Hybrid MPI: Combining the Strengths of VE and VH

Oct 2022, Patrick Lipka, NEC Deutschland HPCE

Hybrid MPI: Combining the Strengths of VE and VH

Achieving great application performances on NEC SX-Aurora TSUBASA can be easy if the code can be vectorized by the compilers. But what to do with big amounts of scalar work for which vector processors aren’t a good fit? One way to deal with this is offloading it to the vector host CPU using NECs offloading frameworks which requires additional implementation effort. In this blog post I would like to show how easy speedups of MPI-parallelized applications can be obtained if split computational work is split from unvectorizable tasks.


Reminder: NEC MPI
mpinccC Aurora Compiler wrapper
mpinc++C++ Aurora Compiler wrapper
mpinfortFortran Aurora Compiler wrapper

Syntax:
$ <compiler> <flags> <source>
Examples:
$ mpinfort –o test.x test.F90# compilation of Fortran
$ mpinfort –c test.F90# object creation
$ mpinfort –o test.x test1.o test2.o# linking

Using the NEC MPI compiler wrappers, it is easy to compile our test code:
#include <mpi.h>
#include <stdio.h>
int main(int argc, char **argv) {
 MPI_Init(&argc, &argv);
 int my_rank, namel;
 char name[MPI_MAX_PROCESSOR_NAME];
 MPI_Comm_rank(MPI_COMM_WORLD, &my_rank);
 MPI_Get_processor_name(name, &namel);
 printf("Process %2d is running on %s\n",
  my_rank, name);
 MPI_Finalize();
 return 0;
$ mpincc –o mpi_VE mpi.c

We can use the same compiler wrappers to compile the program for the vector host. We just need to add the -vh flag and tell NEC MPI which compiler should be used:
$ export NMPI_CC_H=gcc
$ mpincc –vh –o mpi_VH mpi.c

The following examples will use the executables compiled from this test code.

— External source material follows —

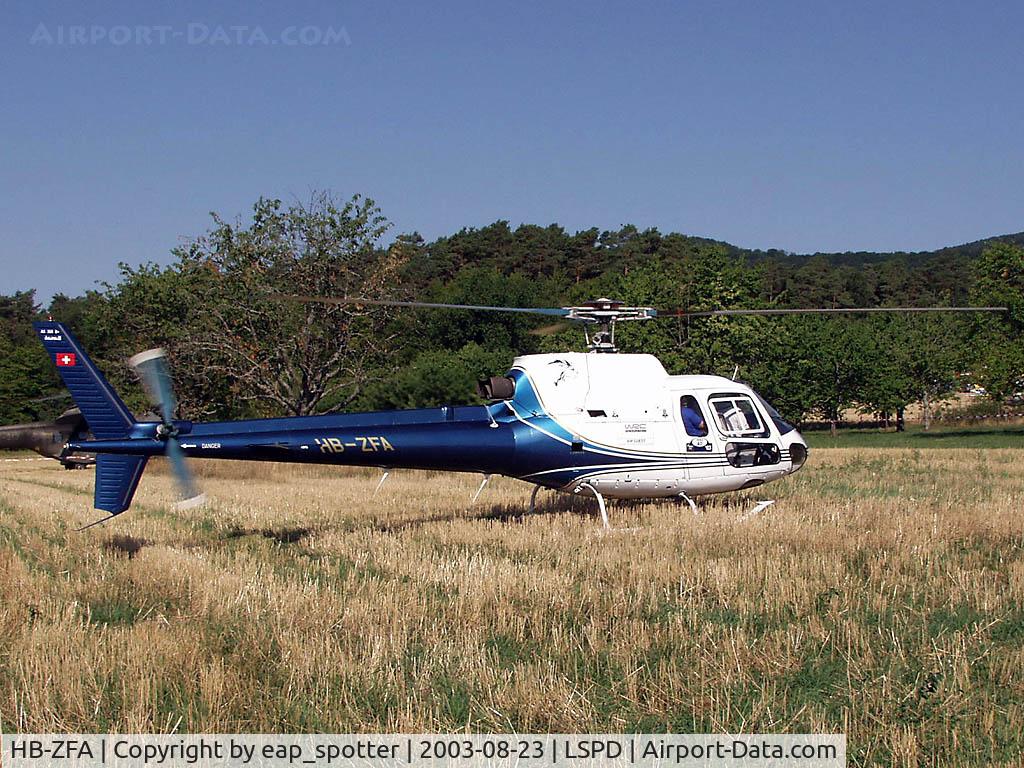 HB-ZFA, Eurocopter AS-350B-3 Ecureuil Ecureuil C/N 1594, performing passenger-flight at the Airdisplay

Running programs on the Vector Engine

-np, -n, -c determine the number of processes to create, -v prints out process placement
$ mpirun –np 6 –v ./mpi_VE
mpid: Creating 6 processes of './mpi_VE' on VE 0 of local host node0
Process 0 is running on node0, ve id 0
Process 1 is running on node0, ve id 0
Process 2 is running on node0, ve id 0
Process 3 is running on node0, ve id 0
Process 4 is running on node0, ve id 0
Process 5 is running on node0, ve id 0
-vennp, -ve_nnp –nnp_ve determine the number of processes per VE
$ mpirun –ve 0-1 –vennp 3 ./mpi_VE
Process 0 is running on node0, ve id 0
Process 1 is running on node0, ve id 0
Process 2 is running on node0, ve id 0
Process 3 is running on node0, ve id 1
Process 4 is running on node0, ve id 1
Process 5 is running on node0, ve id 1



Running programs on the Vector Host
-vh executes the program on the VH. It needs to be compiled for the target architecture
$ mpirun -vh –np 6 ./mpi_VH
Process 0 is running on node0, VH
Process 1 is running on node0, VH
Process 2 is running on node0, VH
Process 3 is running on node0, VH
Process 4 is running on node0, VH
Process 5 is running on node0, VH



-nnp, -ppn –npernode, -N determine the number of processes per VH
$ mpirun -vh –np 3 ./mpi_VH
Process 0 is running on node0, VH
Process 1 is running on node0, VH
Process 2 is running on node0, VH
Process 3 is running on node1, VH
Process 4 is running on node1, VH
Process 5 is running on node1, VH



Running programs across VE and VH
VE/VH hybrid execution is easily achieved by chaining VE and VH commands for the corresponding executables:
mpirun  -vh    -np 2   ./mpi_VH : \
      -ve 0-1 -vennp 1 ./mpi_VE : \
      -ve 2-3 -vennp 2 ./mpi_VE : \
     -vh     -np 1   ./mpi_VH
Process 0 is running on node0, VH
Process 1 is running on node0, VH
Process 2 is running on node0, ve id 0
Process 3 is running on node0, ve id 1
Process 4 is running on node0, ve id 2
Process 5 is running on node0, ve id 2
Process 6 is running on node0, ve id 3
Process 7 is running on node0, ve id 3
Process 8 is running on node0, VH




Optimization Opportunity: I/O processes on the Vector Host

The MPI features shown above can be used to easily split work between the Vector Engine and the Vector Host. One just needs to compile the code twice and adjust the mpirun command.
This gives us the opportunity to combine the strengths of both architectures by placing MPI ranks with different types of work on the processor that fits best.
One example of such a setup is commonly seen in meteorological codes: A separate I/O server is implemented which is a set of MPI ranks that call I/O routines, distribute data to the compute ranks and do some bookkeeping while the compute ranks are busy. As this is purely scalar work, it won’t benefit from the strengths of a vector CPU and is therefore well-suited for being run on the Vector Host.
Let’s have a look at two real life examples were NEC customers implemented such setups.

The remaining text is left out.